Thirdly, the limited Arab predictions do not stop at the possibility of the Palestinian-Israeli situation leading to multiple scenarios, so far, reactions have only resulted in a military confrontation (which started when the Gaza Strip was attacked) and the rejection of agreed-upon solutions for the Palestinian division. This could lead to Palestinians to reconsider the framework suggested for reviving the Palestinian state, which could take some time. Legislative and presidential elections could be postponed. The new structure of the PLO will also need to be determined.

Fourthly, Arabs’ reactions in the future will be mostly propositions of theoretical and practical options, but no solutions. Arab disparities and the aftermath of the Arab problems will continue to govern Arab and Islamic decisions, given that what happened at the Arab League of States meeting could happen again, only with some minor differences in the upcoming Islamic Conference summit.

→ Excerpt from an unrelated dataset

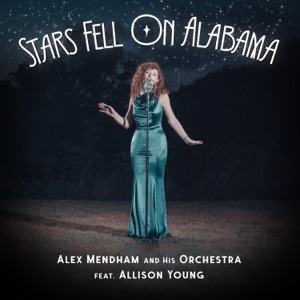Stars Fell On Alabama (feat. Allison Young) - Single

Therefore, Arab countries will need to agree on a new approach to deal with the American administration, based on a new policy they could attempt to deal with the Trump administration. The Trump administration could exert serious pressures on Arab countries to push for an unjust settlement. It could also sabotage all rules governing the Arab-Israeli conflict, which could constitute in a real and serious challenge.

Fifthly, Arab concerns are not limited to being about the American administration that refused to consider factors outside the limits of its interests and all the agreements it concluded. It overturned all the achievements other prominent American administrations have made. This means that the administration and its President will be difficult to deal with, especially of the Arab world is waiting for the peace projects or settlements they will propose and not enacting their own solutions. Therefore, Arab countries are required to take a firm stand, moving on from old Arab policies no longer suitable for our times, as the whole region continues to change and the features of this change are beginning to show.

The Palestinian people’s legitimate rights require serious a Arab standpoints against the plan to trivialize its core issues. It needs to be dealt with as the most important issue. The whole region will continue to be unstable if the independent Palestinian state, with East Jerusalem as its capital is established on the bases of illegitimate resolutions.